■ Task directions
No pictures should appear in the copy; otherwise retype the entries exactly.

■ Records from a data collection
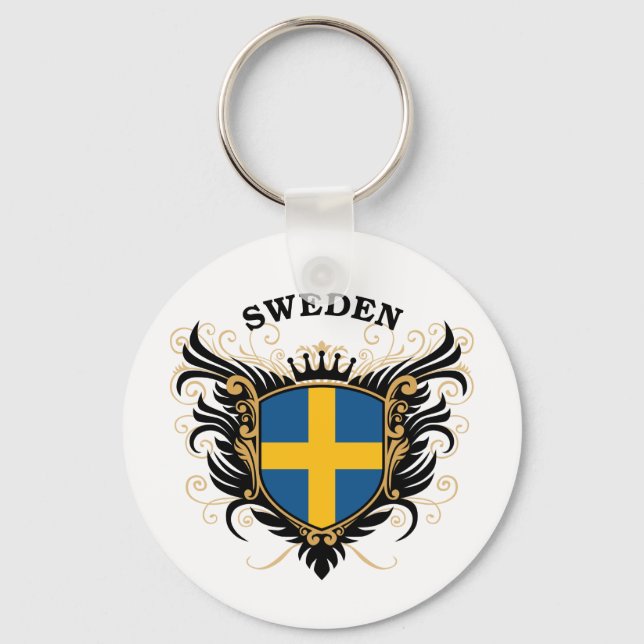 Sverige Nyckelring (Framsida)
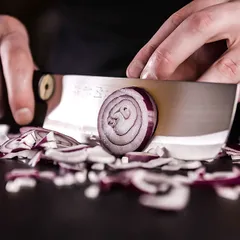 Нож кухонный «Киото» двусторонняя заточка сталь нерж.,дерево ,L=295/165,B=45мм, изображение 2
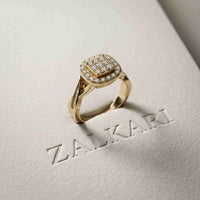 0.49 Ct Round Moissanite Halo Style Engagement Ring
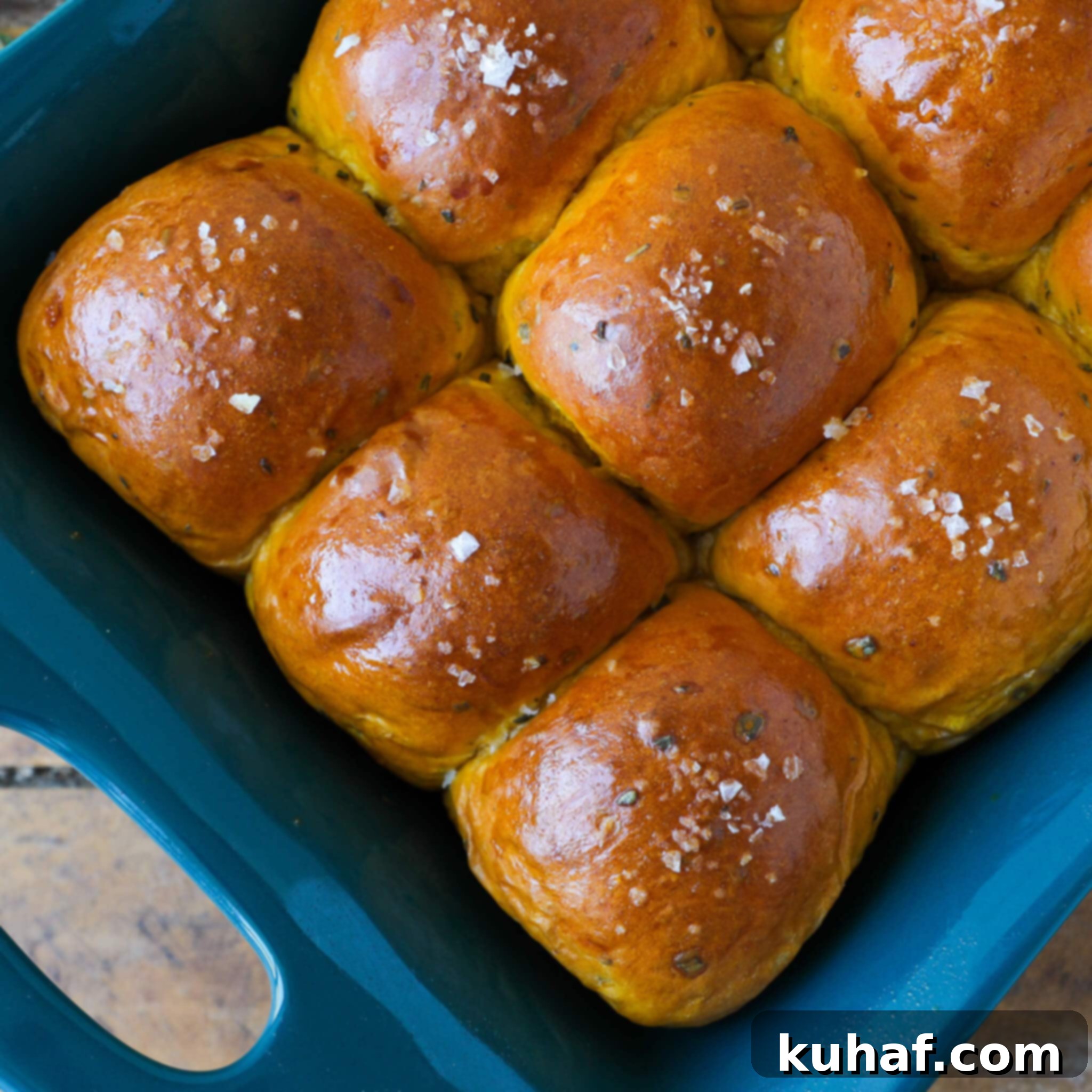 Savory Pumpkin Herb Buns 6 Autumn Buns Group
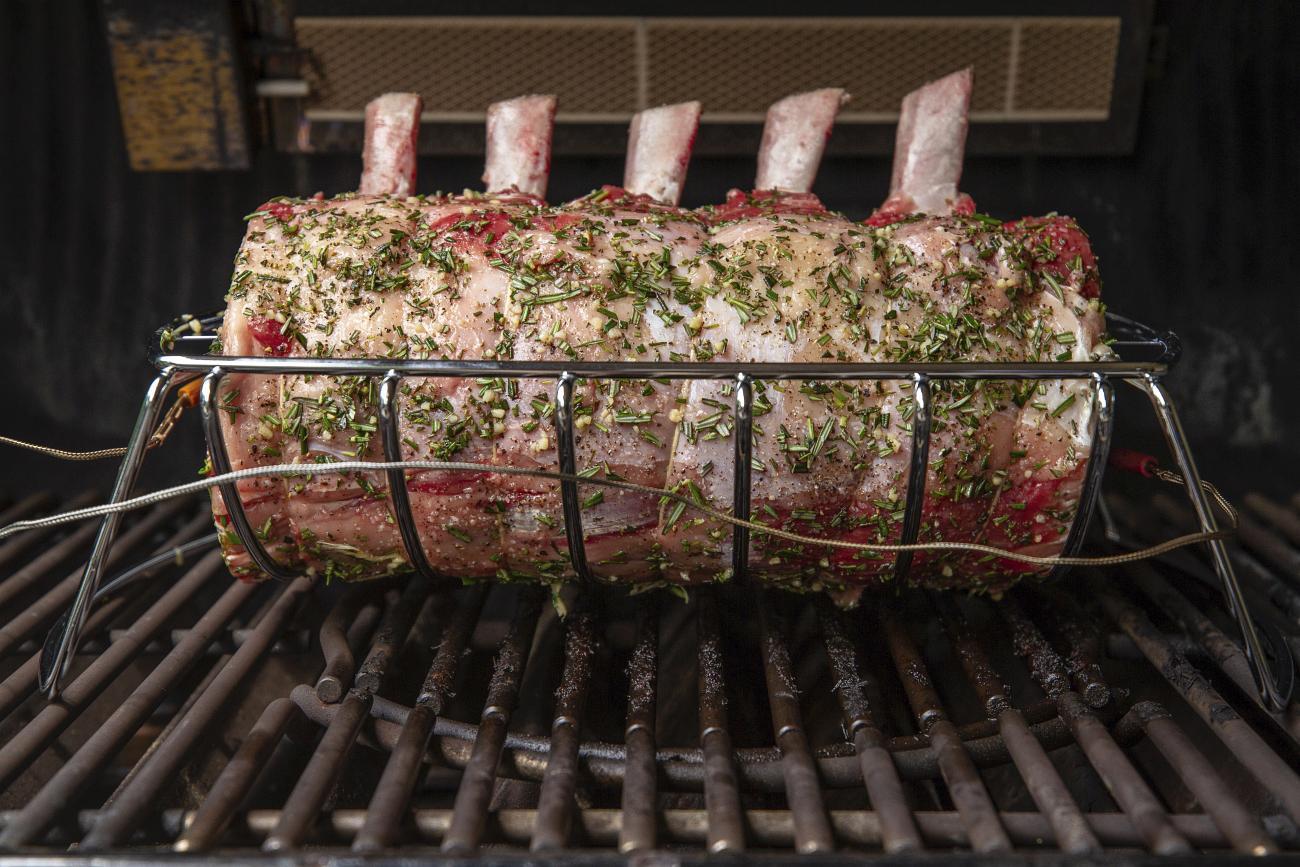 Spare-Rib-Halter und Bratenkorb bei leitermann.de günstig kaufen Spare-Rib-Halter und Bratenkorb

■ Answer below
 Sverige Nyckelring (Framsida)
 Нож кухонный «Киото» двусторонняя заточка сталь нерж.,дерево ,L=295/165,B=45мм, изображение 2
 0.49 Ct Round Moissanite Halo Style Engagement Ring
 Savory Pumpkin Herb Buns 6 Autumn Buns Group
 Spare-Rib-Halter und Bratenkorb bei leitermann.de günstig kaufen Spare-Rib-Halter und Bratenkorb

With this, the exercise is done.